Stored data:
- - - -
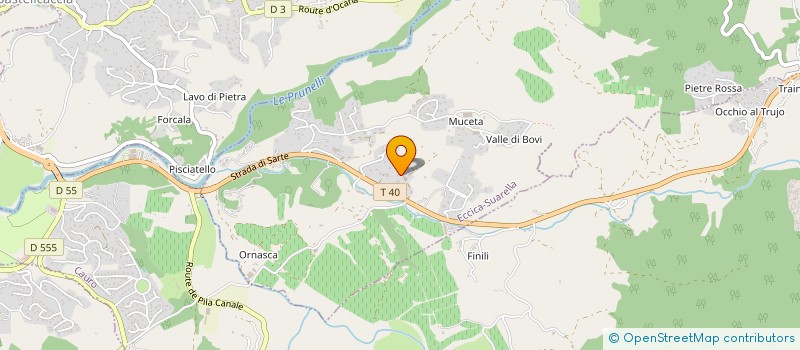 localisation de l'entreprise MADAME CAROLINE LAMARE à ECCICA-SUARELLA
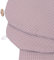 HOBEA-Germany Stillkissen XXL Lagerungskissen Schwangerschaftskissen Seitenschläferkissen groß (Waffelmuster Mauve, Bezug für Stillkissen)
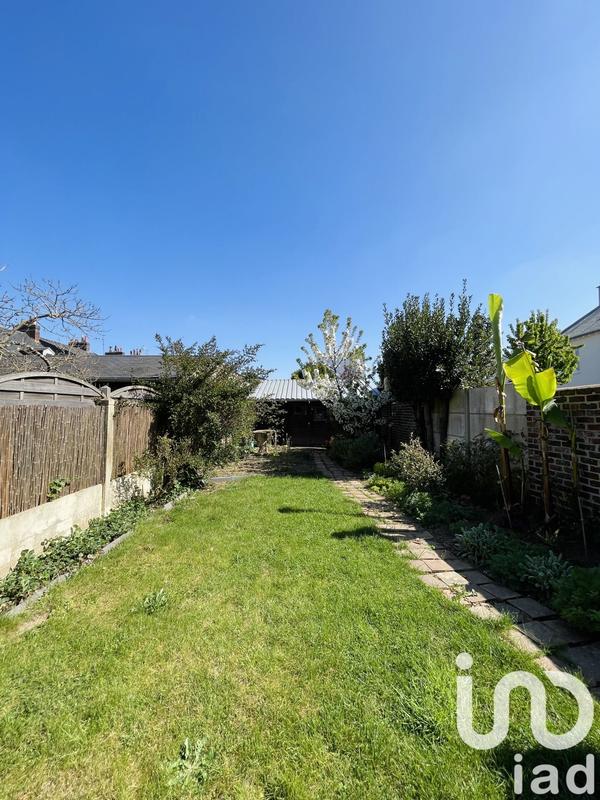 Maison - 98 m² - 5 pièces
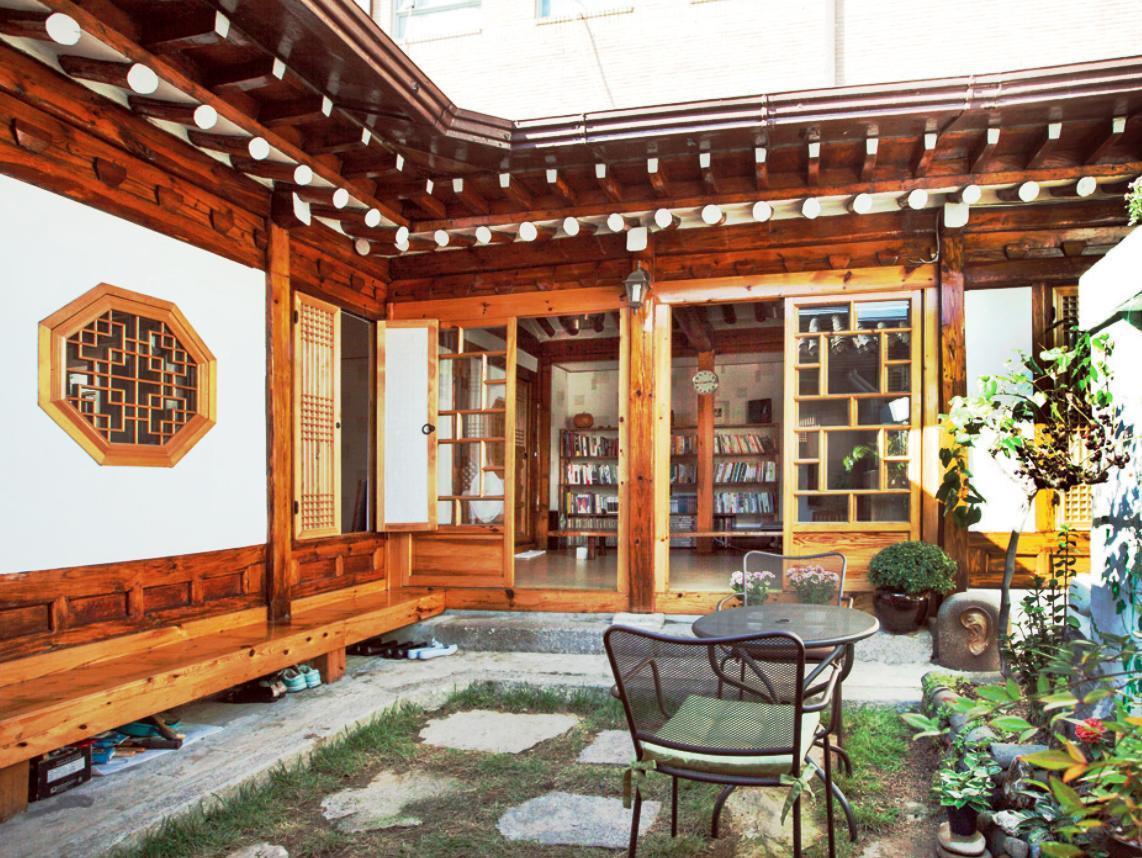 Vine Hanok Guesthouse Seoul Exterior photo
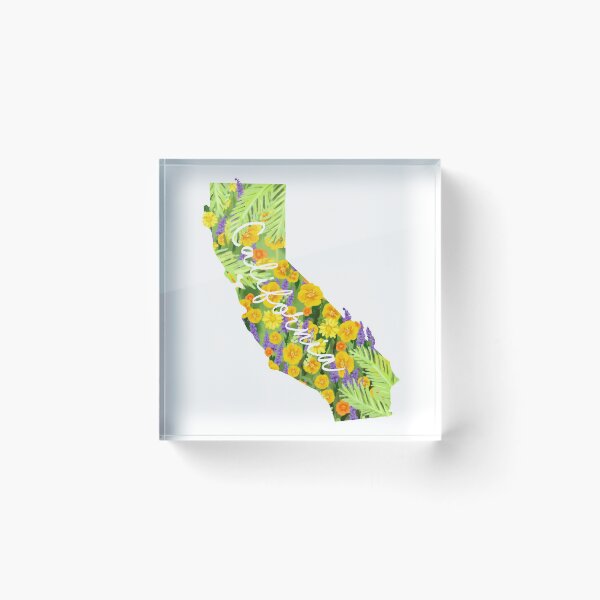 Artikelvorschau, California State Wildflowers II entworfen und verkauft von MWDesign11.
- - - -
§ EXERCISE BRIEF:
Leave the images out and give the rest of the data again exactly.

§ TASK SOLUTION:
 localisation de l'entreprise MADAME CAROLINE LAMARE à ECCICA-SUARELLA
 HOBEA-Germany Stillkissen XXL Lagerungskissen Schwangerschaftskissen Seitenschläferkissen groß (Waffelmuster Mauve, Bezug für Stillkissen)
 Maison - 98 m² - 5 pièces
 Vine Hanok Guesthouse Seoul Exterior photo
 Artikelvorschau, California State Wildflowers II entworfen und verkauft von MWDesign11.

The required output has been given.